Have you ever considered there is a difference between winning and victory? One is the action of achieving. The other is the action achieved. I often ponder these slight distinctions. It is easy to make too much out of them. When we look at states of being, we are confronted with the difference. In sports someone may claim victory before the game is over. But the team is actually only winning. Decisions to turn away from a game by leaving early or tuning it out can leave a person surprised. The infamous Heidi Bowl of November 17th 1968 is a good case of this point. Who would believe the Raiders would get two touchdowns in nine seconds? Their fans did not care. They missed a phenomenal ending to a ball game. Victory was declared too soon.
Success and Winning
A person may brag about how they won an argument. Did they succeed in convincing the other person? Or did they wear their opponent down? In both cases, the hero of the story won. But in only one case can it truly be said the person succeeded. Ask yourselves a simple question about casting votes. What does voting prove? It does not prove a candidate’s character. Voting for a possible solution does not necessarily make that decision right. Emma Goldman, as a character in the film Reds, claimed voting is the opiate of the masses in the United States.

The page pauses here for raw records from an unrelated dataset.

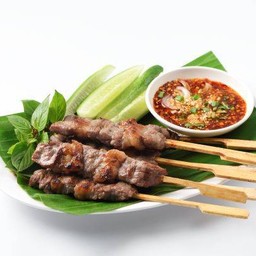 เนื้อโคขุนย่างจิ้มแจ่ว 1 ชุด 8 ไม้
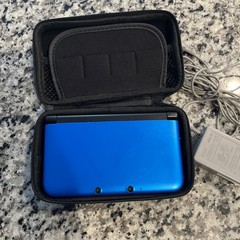 3DS XL Blue Nintendo Console Tested Working SD Card And Charger SPR-001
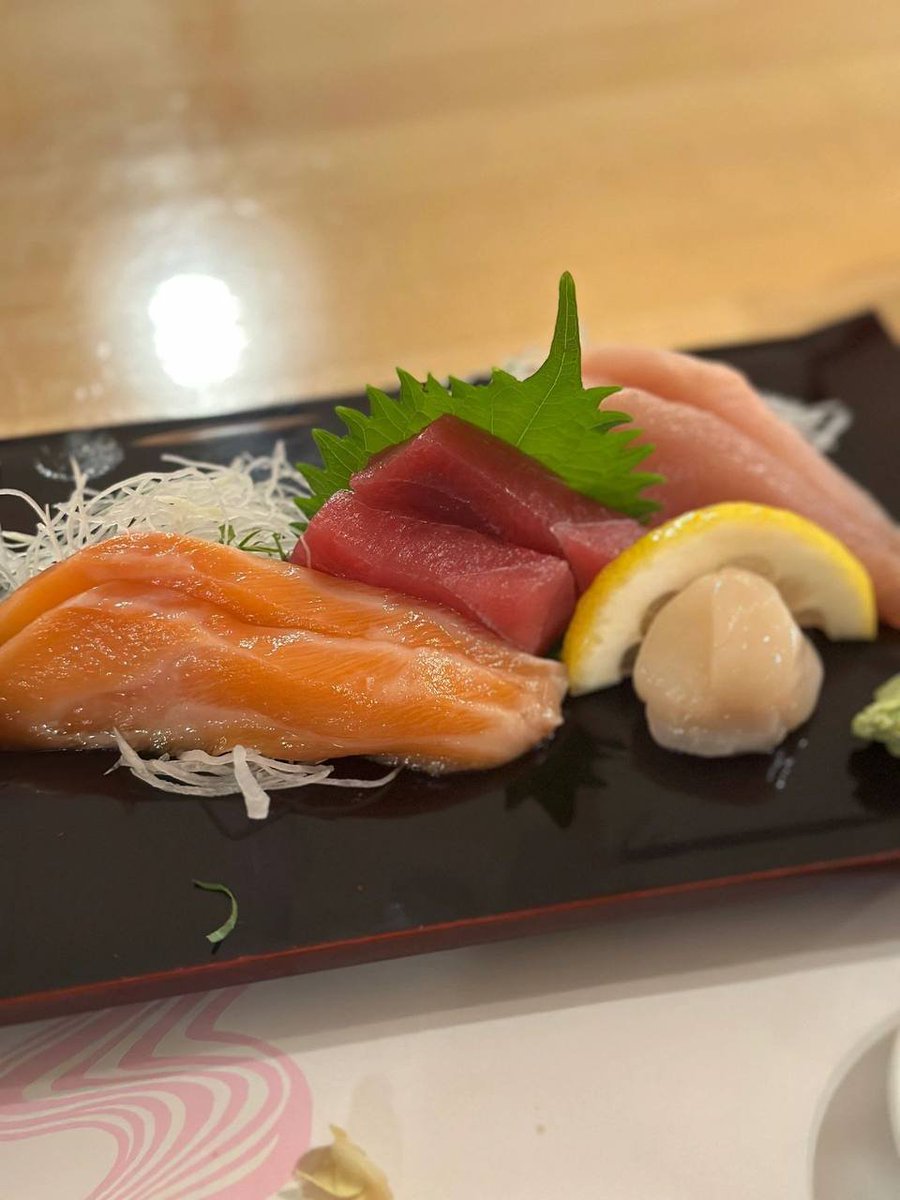 ByteBunnyo's tweet photo. The sashimi slices at Izumi are huge! 🐟 https://t.co/GrxEkmceSF
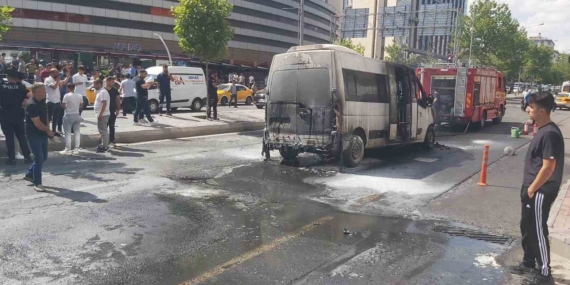 Diyarbakır'da Şehir İçi Minibüs Yangında Küle Döndü Diyarbakır’da Şehir İçi Minibüs Yangında Küle Döndü
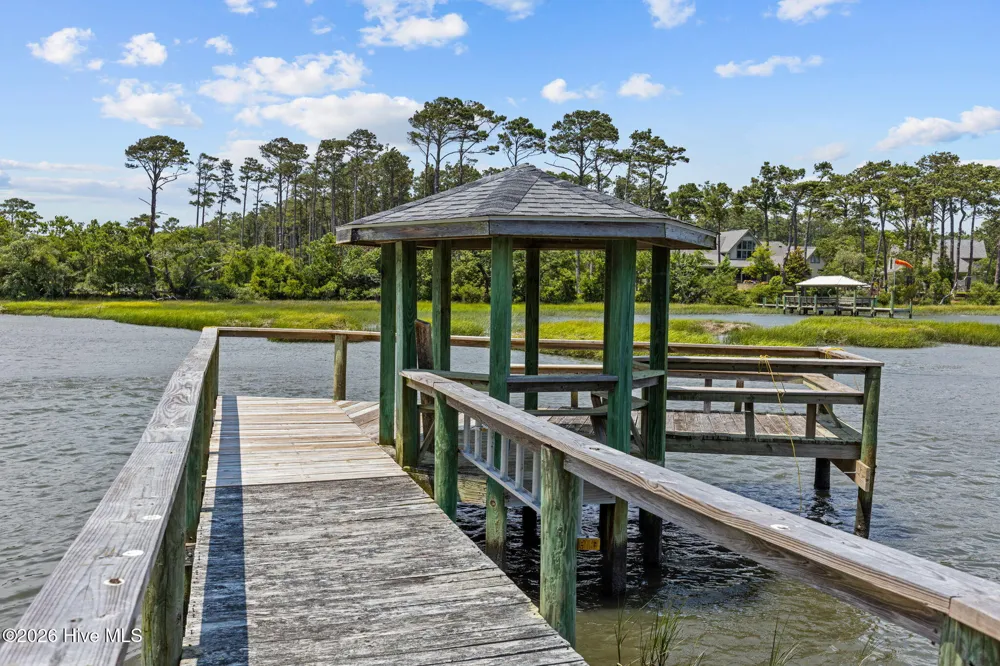 311 Winding Woods Way Beaufort, NC 28516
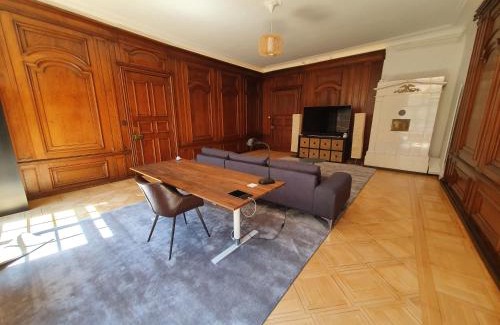 Grunes Quartier Apartment | Le Bijou BK9 Presidential Suite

The citizenry of the United States largely believes elections are simply another contest. We are a non-voting nation. The majority of eligible voters do not bother. Reflective people want to know why. Others believe they know the real motivation behind this being unmotivated. All I know is that non-voters do not want to vote. Most people who do not attend church on a given Sunday, do now want to go to church. Where I live people will wear the colors of their college football team and never watch the game. The reason is simple. They do not want to. In all cases, there is some sense of winning or losing. But no one actually succeeds.
Victory or Selection
Voting is simply a matter of selection. The church I serve as Pastor took a vote of the remaining members. The decision was to close the church. We cannot say the vote was right or wrong. It was merely a selection of how people wished to continue to serve God. They decided to not go on as a community. The congregation will disband soon. And our people will do what many other members have already done.
Unfortunately some did approach this issue as winning or losing. It is hard to think how someone picture victory in such a situation. The problem is morality is often tied into how we cast votes. In some cases, I would agree. Yet, there are other cases when it is simply a matter of which fork in the road to take and nothing more. This is complicated in a worldview that says, “we are good while everyone else is evil.” For Christians such a worldview is leagues apart from that of Jesus who had a tax collector and a zealot among his followers.
Winning Losers
People who believe “winning is not everything; it is the only thing” are the real losers. They lose the power to listen to the point of view of another. Such people lose the ability to weigh severities. People know all are sinners and fall short of the glory of God. But all evils are not the same. One term sin is a theological idea. The other term evil, in the way I have used it, denotes a moral quality. Moral disputes need to begin with “who is harmed?” Theological disputes begin elsewhere. Few people can tell the difference any more.
Winning is nothing if the victory is meaningless. In Baseball, World Series Champions a victorious for about a week. Then the players and managers go right back to business. Superbowl winners of February are one team among many competing in September. These victories are meaningless and therefore morally empty. Everyone knows this.
Victory for the Christian in eternal and forever when we are perfected in the love of God. There is no emptiness in that. Our struggle is not against flesh and blood. It is against the spiritual powers behind the flesh and blood human beings before us. The moral worth is not determined by our own forms of mass selection. Neither is it determined by one person or a few telling others what to do. Winning or Victory? We begin by asking who will we harm in order to gain.